December 9, 2015

Star Trek: The Next Generation: "First Contact"

It's 18 February 1991, and time for more Star Trek: The Next Generation.

On the planet Malcor III, a man is rushed to hospital after an industrial accident. When the doctors examine him, they discover freakish aberrations in his body: organs in the wrong place, extra fingers on his hands, plus evidence of cosmetic surgery on his face. It is clear he is not a Malcorian, and before long it is discovered that aliens from another planet have been hiding in plain sight among them.

"First Contact" is a comparatively unique episode of Star Trek. While the concept of the Federation making first contact with alien civilizations on the verge of interstellar travel had been explored before, "First Contact" presents it almost entirely from the point of view of the aliens being contacted. We see the Next Generation regulars during the episode, but we see them through the eyes of the guest characters. It allows the episode to make a striking impact, and demonstrate just how shocking the unheralded arrival of the USS Enterprise might be.

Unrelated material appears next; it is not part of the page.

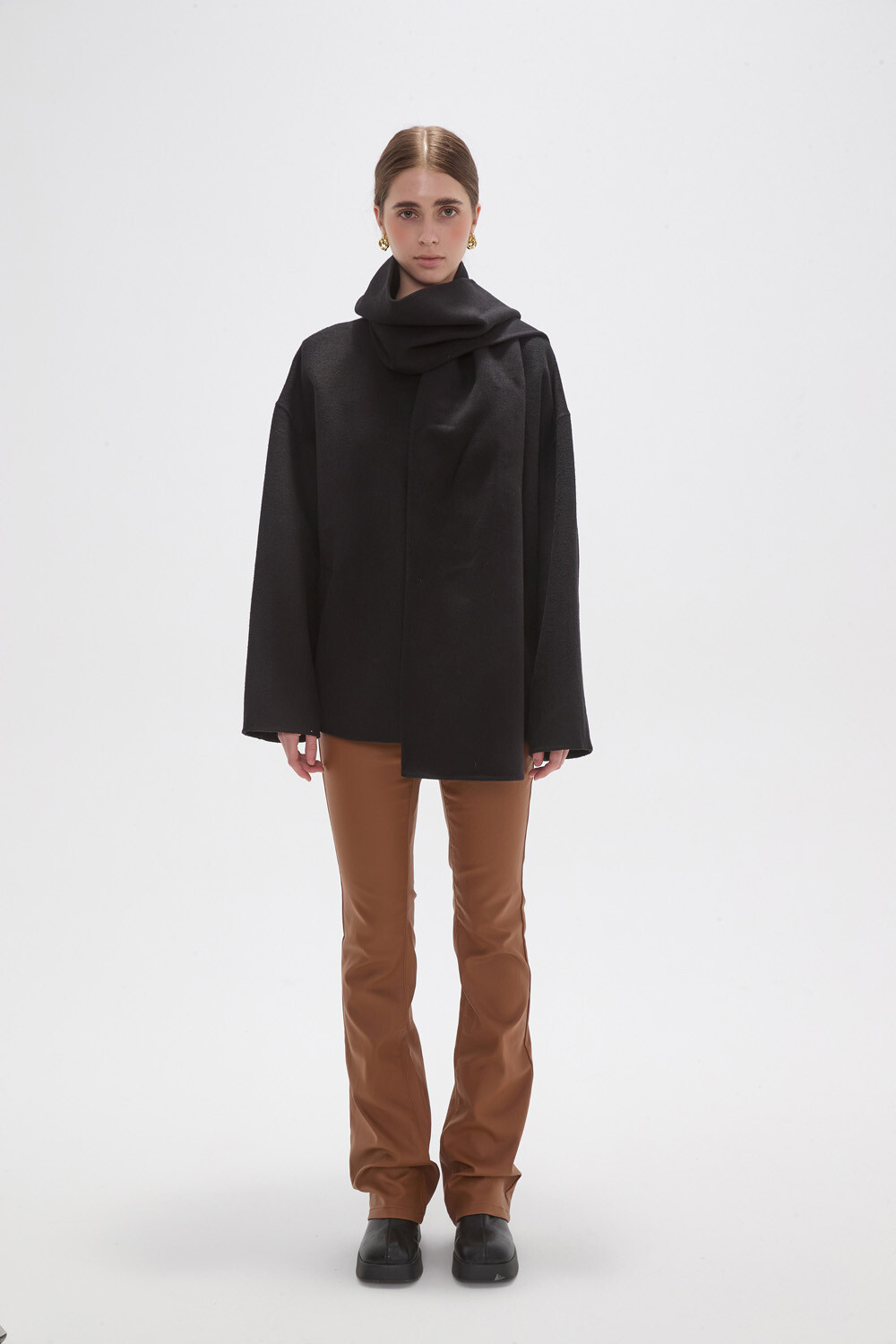 Chaqueta Lontan Negro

The Malcorians are a deliberately familiar people, basically resembling 20th century Earth with some additional nostrils and funny hands. They're not quite the same of course, since they appear to have a global government and a unified culture - or, at least, we're never given the opportunity to see anything beyond one of their dominant nations. There's some nice culture detail dropped in around the edges of the episode: while their space program is about to expand into faster-than-light travel, there's a growing conservative voice that demands they pull back from scientific advancements and stick to an old-fashioned way of life. That resonates pretty well as a reflection of our own culture, even more than 20 years after the episode was made. That the Malcorian leadership ultimately refuses to make first contact with the Federation is a slightly surprising, but dramatically effective conclusion.

The voice of the left-wing, outward-focused part of society is Carolyn Seymour (Survivors) as Mirasta. She's desperate to explore the universe, and the arrival of Captain Picard (Patrick Stewart) and Counselor Troi (Marina Sirtis) in her laboratory is a dream come true. Seymour performs the role well, making Mirasta a very believable idealist. The use of Picard and Troi as the ones to formally make first contact also feels very believable - it's one of the best uses the series has made for Troi's role and character.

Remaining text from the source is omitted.